Slow yet steady, the U.S. market for pet reptile products is seeing growth on par with or better than products designed for other small household pets such as aquariums and cages for fish, rabbits, hamsters, birds, and the like, according to Packaged Facts. The firm’s new report, Reptile Products: U.S. Pet Market Trends and Opportunities, estimates that the pet reptile product market had sales of $383 million in 2016, up 2% from the previous year.
While species-specific food has always been more common for reptile pets, more marketers are using packaging to differentiate which food products are appropriate for the specific lifestyle stages of different reptiles and amphibians.
“Growth in the mass merchandiser and internet channels has helped improve overall sales, as have stronger sales in the food segment,” says David Sprinkle, research director for Packaged Facts. “Interestingly, we also see the pet parenting trend extending beyond furry companions to include reptiles. Reptile owners give their pets just as much love as dog and cat owners give theirs. What do these reptile owners want?
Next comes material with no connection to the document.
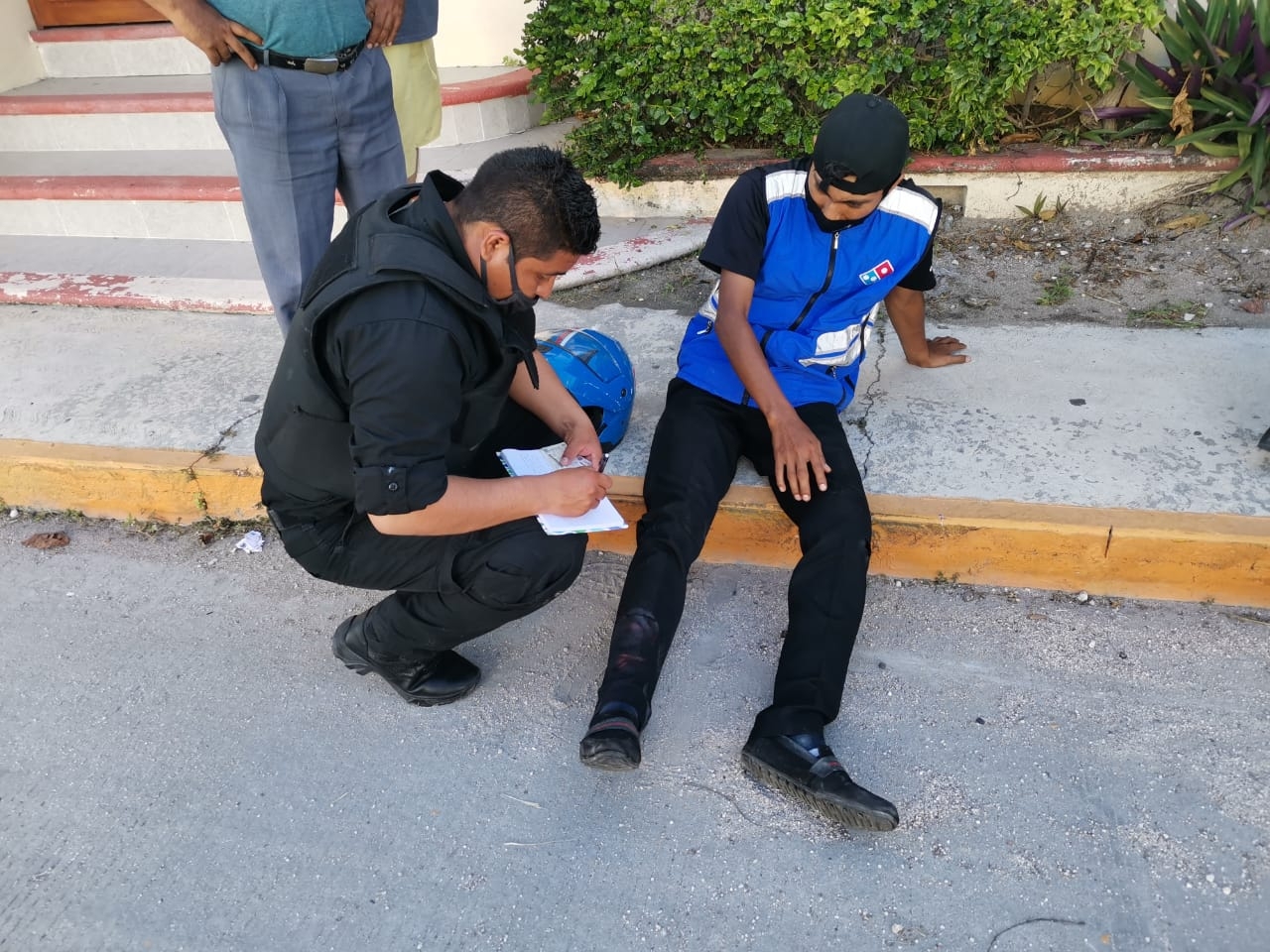 Repartidor termina con una pierna rota tras chocar con un taxis en Ciudad del Carmen
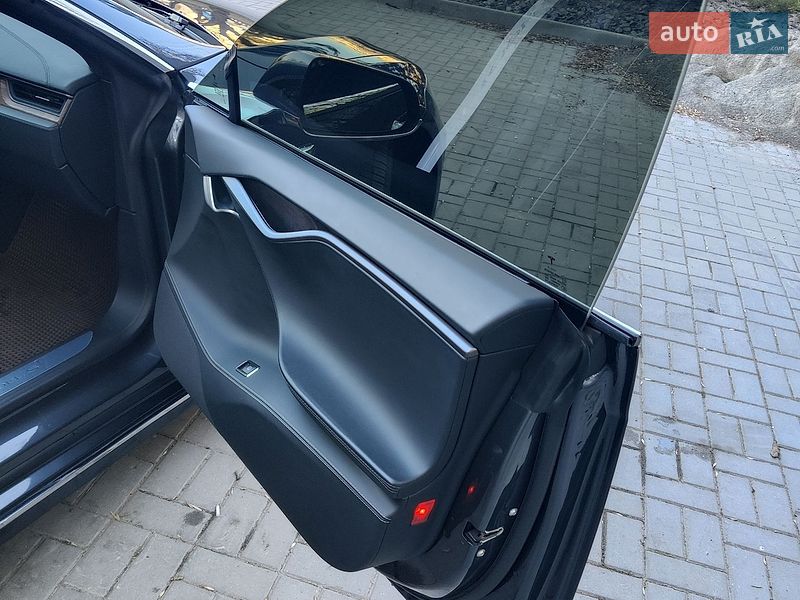 Ліфтбек Tesla Model S 2018 в Хмельницькому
The same things other pet owners want, namely safe and convenient items that make their pets easier to feed and care for.”
With online sales markedly improving and pet specialty sales remaining stable, Packaged Facts forecasts the reptile products market will continue to grow at a steady rate looking ahead to 2021. Likewise, the strength of the market’s top two segments—food and treats and enclosure heating and lighting—are expected to sustain sales growth for reptile products.
Packaged Facts found marketer activity involving food and treats to be particularly intriguing due to the rising trend of specialized diets catering to specific species and specific lifestyle stages.
While species-specific food has always been more common for reptile pets, more marketers are specifically calling out species in packaging to underscore this fact. Furthermore, marketers are using packaging to differentiate which food products are appropriate for the specific lifestyle stages of different reptiles and amphibians, according to the Packaged Facts.